Analysis of comparative effectiveness of
state-of-the-art heuristics for CDCL SAT solvers
                 Stepan Kochemazov
                 Matrosov Institute for System Dynamics and Control Theory SB RAS, Irkutsk, Russia
                 E-mail: veinamond@gmail.com

                 Abstract. The Conflict-Driven Clause Learning algorithms for solving the Boolean
                 satisfiability problem comprise the major part of the methods used to solve various instances
                 of the problems that arise in industry and science. In recent years there have been proposed
                 several major heuristics for these algorithms which are assumed to be de facto good for the
                 solvers’ performance over diverse sets of benchmarks. The goal of this paper is to evaluate the
                 contribution of each separate heuristic to the performance of a state-of-the-art solver, see the
                 extent to which they are beneficial, and figure out if the heuristics have any particular features
                 that need to be taken into account.




1. Introduction
The Boolean satisfiability problem (SAT) [1] is one of the most well-studied NP-complete
problems in computer science. It is possible to effectively reduce a variety of problems from
diverse areas to SAT and effectively solve them in that form. The success of SAT today is
largely due to the development of the Conflict-Driven Clause Learning (CDCL) algorithm [2]
that was accomplished at the end of the XX-th century.
    Since SAT is NP-complete, modern implementations of CDCL employ a lot of heuristics.
Some of them can be considered baseline, such as the Variable State Independent Decaying Sum
(VSIDS) [3], restarts [4], or Literal Block Distance [5]. Others are either situational or were
proposed only recently.
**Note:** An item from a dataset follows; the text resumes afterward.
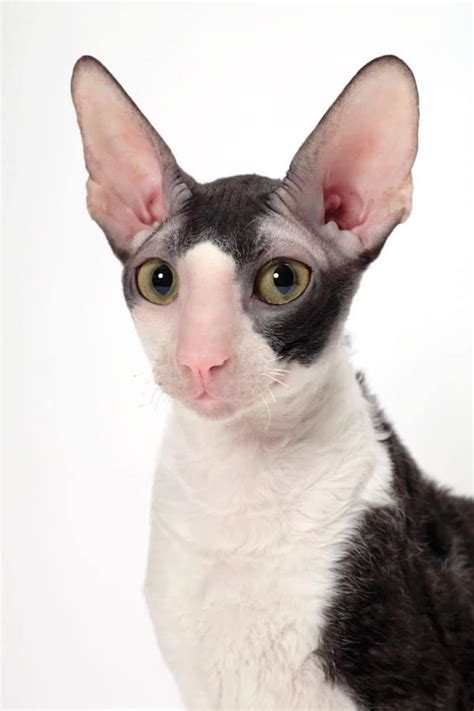 Whos That Cat 14 Reasons To Celebrate The Cornish Rex Catster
The latter include Learnt Clause Minimization [6], Distance heuristic
[7], Chronological Backtracking [8], Duplicate Learnts heuristic [9], and the use of Stochastic
Local Search component [10]. The interesting observation is that the majority of applications,
such as cryptography or bioinformatics, tend to use the older solvers developed prior to 2013,
such as MiniSAT [11] or glucose [5]. The new CDCL heuristics proposed in recent years have
yet to earn such acclaim.
    In the present paper, the goal is to evaluate the contribution of the state-of-the-art CDCL
heuristics proposed recently to the solvers’ effectiveness and compare them with each other.
The main studied question is whether the new heuristics do improve the solvers’ effectiveness
over a wide range of benchmarks or not. An additional goal is to understand the strengths and
weaknesses of these heuristics.
    A brief outline of the paper is as follows. The next section presents some background on
CDCL SAT solvers and the considered heuristics. The third section contains the methodology

Copyright © 2021 for this paper by its authors. Use permitted under Creative Commons License Attribution 4.0
International (CC BY 4.0).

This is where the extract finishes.